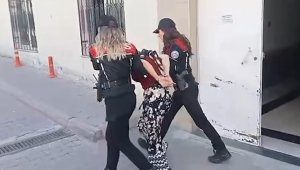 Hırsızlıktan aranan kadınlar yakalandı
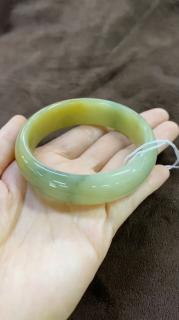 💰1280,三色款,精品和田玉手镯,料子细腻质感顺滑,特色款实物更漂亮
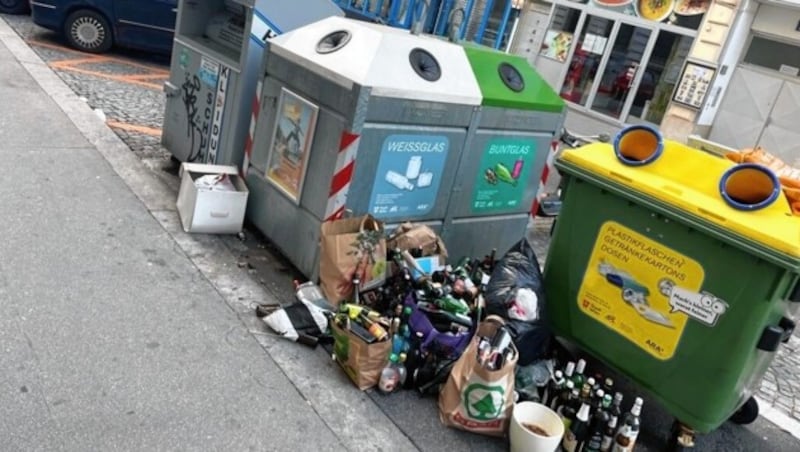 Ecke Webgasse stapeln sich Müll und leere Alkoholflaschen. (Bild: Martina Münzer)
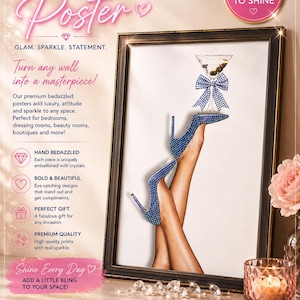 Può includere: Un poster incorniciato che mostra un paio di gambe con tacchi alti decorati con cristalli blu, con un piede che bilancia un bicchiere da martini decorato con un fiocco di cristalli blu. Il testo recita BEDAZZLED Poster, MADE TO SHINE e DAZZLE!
────────────────────────────────────────
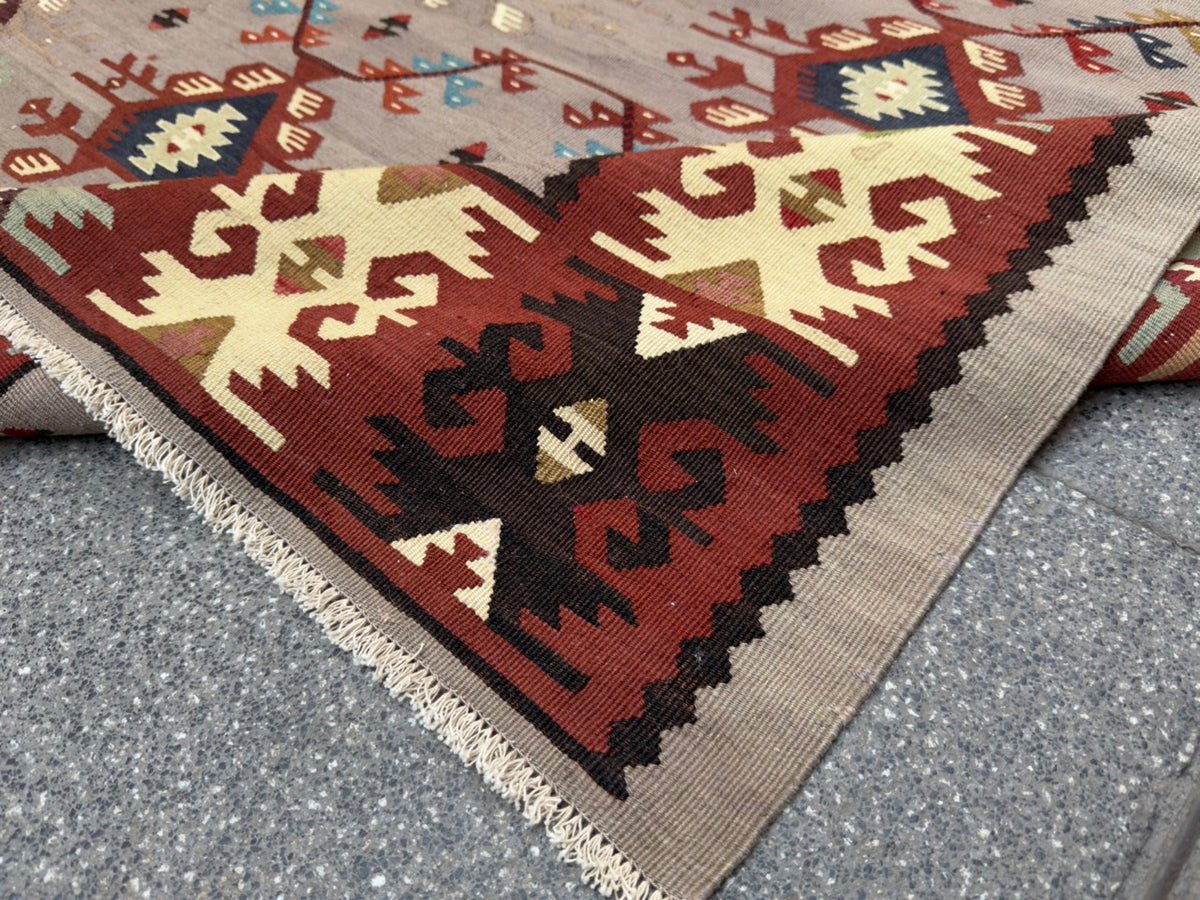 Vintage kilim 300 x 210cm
────────────────────────────────────────
- **WORK REQUIRED**
In the listing above, find the line with "Hırsızlıktan aranan kadınlar yakalandı" and the line with "Può includere: Un". Transcribe those two and everything between, exactly, leaving out pictures.

- **ANSWER TO THE EXERCISE**
 Hırsızlıktan aranan kadınlar yakalandı
 💰1280,三色款,精品和田玉手镯,料子细腻质感顺滑,特色款实物更漂亮
 Ecke Webgasse stapeln sich Müll und leere Alkoholflaschen. (Bild: Martina Münzer)
 Può includere: Un poster incorniciato che mostra un paio di gambe con tacchi alti decorati con cristalli blu, con un piede che bilancia un bicchiere da martini decorato con un fiocco di cristalli blu. Il testo recita BEDAZZLED Poster, MADE TO SHINE e DAZZLE!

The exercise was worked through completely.